In general, the curriculum for this series will both cover the basics of Kubernetes and its components, as well as provide tutorials and exercises that allow you to gain hands-on experience with the platform.
As the series progresses, we will cover more advanced topics and techniques for using Kubernetes in real-world scenarios.
At least that’s the plan. To begin, let’s dive right in with some definitions.
What Is Kubernetes?
Kubernetes is an open-source Container Orchestration System. It provides a platform for managing containerized workloads and services, enabling you to deploy, scale, and manage applications more quickly and efficiently. In addition, it offers a range of features to help manage containerized applications, including automatic scaling, load balancing, self-healing, rolling updates, and more.
If you are new to Kubernetes, I am sure the above description created more questions than answers for you 🙂.
Even this seemingly innocent definition requires further clarification, so let’s dive deeper into the rabbit hole 🐇.
Here are some immediate questions that you might have in mind:
- What is a Container?
- What is an Application?
- What is a Containerized Application?
- What is a Workload?
- What is a Container Orchestration System?
- Why am I here?
- Can I hear colors?
- Why, oh why didn’t I take the blue pill?
Let us tackle these questions one at a time.
What Is a Container?
A container is a lightweight, standalone executable that “contains” everything needed to run an application, including the code, runtime, system tools, libraries, settings, and configuration.
Since the application is packaged as a standalone executable, it can now be deployed in a portable, consistent, and scalable manner.

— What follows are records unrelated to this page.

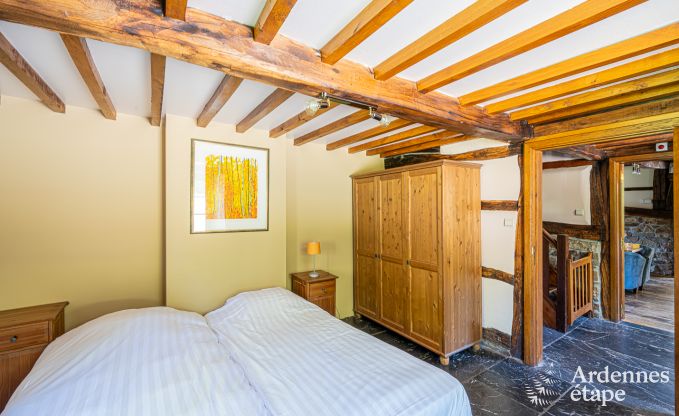 Ferienhaus mit berdachter Whirlpool Ereze 16 Pers. Ardennen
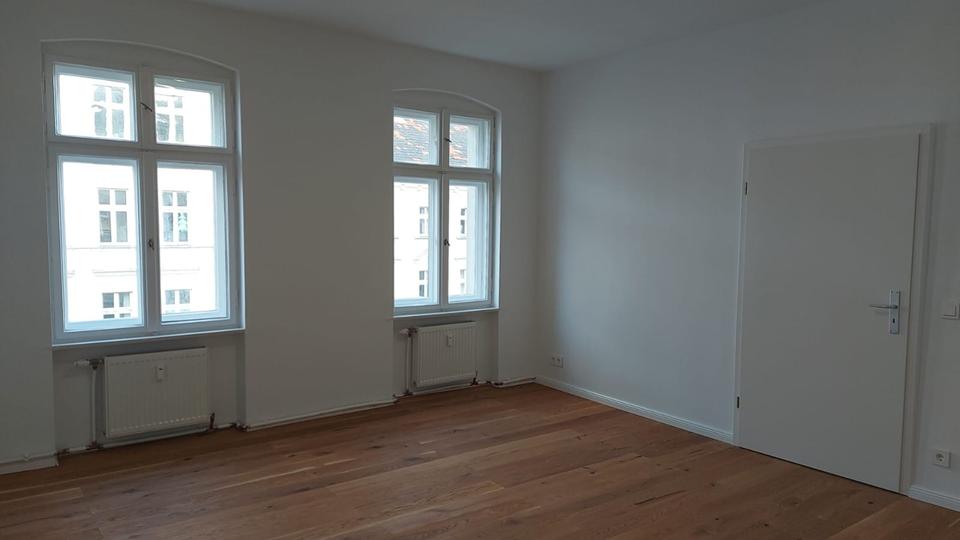 Thumbnail-++ Helle 2-Zimmer-Altbauwohnung mit EBK ++ Erstbezug nach Modernisierung, unbefristet & per sofort in Berlin-Wedding!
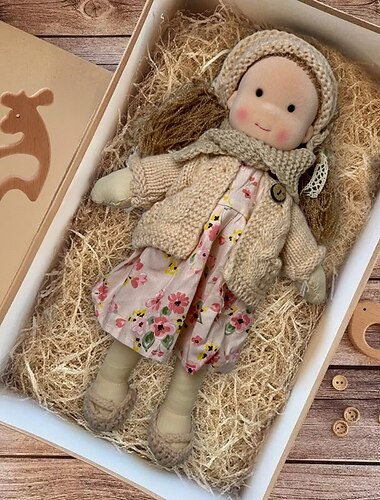  手作りのウォルドルフ人形、女の子の赤ちゃん用、洋服セット付き - 11.8インチの柔らかいぬいぐるみ、幼児向け、お子様へのクリスマスプレゼントに最適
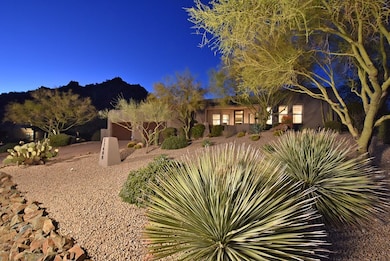 Dlo Front Yard Night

Containers can be used to package and deploy any application, from web applications to databases to microservices.
Where Do These Containers Live?
A container requires a container runtime to execute. A container runtime is a software component that runs on a host machine, manages the container lifecycle, and provides an interface for running and interacting with containers.
The container runtime starts and stops containers, manages their file system and network interfaces, and isolates them from the host system and other containers.
When a container is started, the container runtime creates a new namespace for the container, which provides a separate view of the system’s resources, such as the file system, network interfaces, and process tree. The container runtime also starts the container’s main process.
The main process is the primary process that runs inside a container and performs the primary function of the containerized application. The main process is the process that is started when the container is started, and it typically runs in the foreground and provides the main functionality of the application.
When the container is stopped, the container runtime shuts down the container’s main process and cleans up the container’s resources.
Container runtimes provide process-level isolation. This way, containers share the host machine’s kernel but have their own user space. This provides a high degree of isolation and security.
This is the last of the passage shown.